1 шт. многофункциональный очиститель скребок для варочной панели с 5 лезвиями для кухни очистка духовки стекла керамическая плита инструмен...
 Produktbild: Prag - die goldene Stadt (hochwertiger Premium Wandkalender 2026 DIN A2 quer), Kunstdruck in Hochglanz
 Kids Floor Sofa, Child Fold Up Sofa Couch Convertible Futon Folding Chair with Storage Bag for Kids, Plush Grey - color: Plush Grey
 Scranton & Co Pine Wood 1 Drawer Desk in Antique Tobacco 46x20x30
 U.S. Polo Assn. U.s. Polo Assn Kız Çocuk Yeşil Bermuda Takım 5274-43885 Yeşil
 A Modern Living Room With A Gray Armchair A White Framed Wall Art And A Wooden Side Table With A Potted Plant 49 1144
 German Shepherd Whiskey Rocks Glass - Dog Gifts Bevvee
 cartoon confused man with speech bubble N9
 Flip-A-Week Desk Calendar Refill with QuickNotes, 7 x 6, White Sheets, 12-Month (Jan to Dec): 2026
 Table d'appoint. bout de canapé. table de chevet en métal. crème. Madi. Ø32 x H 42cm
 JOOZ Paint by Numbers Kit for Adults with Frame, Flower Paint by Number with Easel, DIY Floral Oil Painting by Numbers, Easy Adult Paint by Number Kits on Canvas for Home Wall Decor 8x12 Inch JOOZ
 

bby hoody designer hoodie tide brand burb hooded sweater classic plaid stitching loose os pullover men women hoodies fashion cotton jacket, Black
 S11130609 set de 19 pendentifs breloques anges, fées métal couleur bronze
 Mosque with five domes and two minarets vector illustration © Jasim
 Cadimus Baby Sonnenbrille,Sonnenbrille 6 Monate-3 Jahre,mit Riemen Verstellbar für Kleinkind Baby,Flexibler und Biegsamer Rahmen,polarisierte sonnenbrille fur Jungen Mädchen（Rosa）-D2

====================

In the listing above, find the line with "U.S. Polo Assn." and the line with "bby hoody designer"; set down exactly those two lines and every line between them, nothing more.

* _Result for this task_:
 U.S. Polo Assn. U.s. Polo Assn Kız Çocuk Yeşil Bermuda Takım 5274-43885 Yeşil
 A Modern Living Room With A Gray Armchair A White Framed Wall Art And A Wooden Side Table With A Potted Plant 49 1144
 German Shepherd Whiskey Rocks Glass - Dog Gifts Bevvee
 cartoon confused man with speech bubble N9
 Flip-A-Week Desk Calendar Refill with QuickNotes, 7 x 6, White Sheets, 12-Month (Jan to Dec): 2026
 Table d'appoint. bout de canapé. table de chevet en métal. crème. Madi. Ø32 x H 42cm
 JOOZ Paint by Numbers Kit for Adults with Frame, Flower Paint by Number with Easel, DIY Floral Oil Painting by Numbers, Easy Adult Paint by Number Kits on Canvas for Home Wall Decor 8x12 Inch JOOZ
 

bby hoody designer hoodie tide brand burb hooded sweater classic plaid stitching loose os pullover men women hoodies fashion cotton jacket, Black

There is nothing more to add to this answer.